Stored entries:
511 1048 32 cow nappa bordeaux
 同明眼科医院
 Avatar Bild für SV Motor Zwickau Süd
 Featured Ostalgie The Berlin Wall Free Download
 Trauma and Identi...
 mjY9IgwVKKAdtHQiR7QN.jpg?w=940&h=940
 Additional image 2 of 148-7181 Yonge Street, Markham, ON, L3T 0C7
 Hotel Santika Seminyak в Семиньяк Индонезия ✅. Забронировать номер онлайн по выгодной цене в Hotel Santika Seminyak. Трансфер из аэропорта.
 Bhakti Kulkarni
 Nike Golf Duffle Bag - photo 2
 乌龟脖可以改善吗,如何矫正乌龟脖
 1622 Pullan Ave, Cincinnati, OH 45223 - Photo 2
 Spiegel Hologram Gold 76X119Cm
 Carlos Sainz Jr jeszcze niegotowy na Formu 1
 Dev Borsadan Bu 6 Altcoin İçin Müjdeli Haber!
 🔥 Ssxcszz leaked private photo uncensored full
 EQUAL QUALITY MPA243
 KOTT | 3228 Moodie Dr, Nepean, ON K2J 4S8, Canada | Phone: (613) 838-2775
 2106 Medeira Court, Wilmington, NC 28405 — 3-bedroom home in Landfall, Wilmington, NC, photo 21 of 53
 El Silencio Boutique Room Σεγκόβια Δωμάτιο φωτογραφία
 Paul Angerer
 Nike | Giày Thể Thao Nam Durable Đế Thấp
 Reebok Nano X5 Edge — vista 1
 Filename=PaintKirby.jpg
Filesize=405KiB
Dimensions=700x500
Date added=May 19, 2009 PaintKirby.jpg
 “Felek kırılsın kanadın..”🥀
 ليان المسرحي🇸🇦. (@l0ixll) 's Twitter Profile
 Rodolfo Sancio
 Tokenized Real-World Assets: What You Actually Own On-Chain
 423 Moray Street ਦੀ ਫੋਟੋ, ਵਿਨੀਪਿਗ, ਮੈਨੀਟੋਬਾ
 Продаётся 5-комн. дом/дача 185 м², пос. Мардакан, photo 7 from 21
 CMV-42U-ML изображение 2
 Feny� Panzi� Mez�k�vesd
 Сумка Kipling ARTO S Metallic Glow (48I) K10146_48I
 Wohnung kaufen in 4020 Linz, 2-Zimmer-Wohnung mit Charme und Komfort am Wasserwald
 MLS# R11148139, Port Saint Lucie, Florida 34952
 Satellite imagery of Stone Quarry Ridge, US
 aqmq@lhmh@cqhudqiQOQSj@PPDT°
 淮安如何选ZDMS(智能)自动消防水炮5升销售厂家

### What needs to be done
All lines from the one that contains "2106 Medeira Court, Wilmington, NC" to the end of the records above are to be copied exactly; leave out the rest.

### Written answer
 2106 Medeira Court, Wilmington, NC 28405 — 3-bedroom home in Landfall, Wilmington, NC, photo 21 of 53
 El Silencio Boutique Room Σεγκόβια Δωμάτιο φωτογραφία
 Paul Angerer
 Nike | Giày Thể Thao Nam Durable Đế Thấp
 Reebok Nano X5 Edge — vista 1
 Filename=PaintKirby.jpg
Filesize=405KiB
Dimensions=700x500
Date added=May 19, 2009 PaintKirby.jpg
 “Felek kırılsın kanadın..”🥀
 ليان المسرحي🇸🇦. (@l0ixll) 's Twitter Profile
 Rodolfo Sancio
 Tokenized Real-World Assets: What You Actually Own On-Chain
 423 Moray Street ਦੀ ਫੋਟੋ, ਵਿਨੀਪਿਗ, ਮੈਨੀਟੋਬਾ
 Продаётся 5-комн. дом/дача 185 м², пос. Мардакан, photo 7 from 21
 CMV-42U-ML изображение 2
 Feny� Panzi� Mez�k�vesd
 Сумка Kipling ARTO S Metallic Glow (48I) K10146_48I
 Wohnung kaufen in 4020 Linz, 2-Zimmer-Wohnung mit Charme und Komfort am Wasserwald
 MLS# R11148139, Port Saint Lucie, Florida 34952
 Satellite imagery of Stone Quarry Ridge, US
 aqmq@lhmh@cqhudqiQOQSj@PPDT°
 淮安如何选ZDMS(智能)自动消防水炮5升销售厂家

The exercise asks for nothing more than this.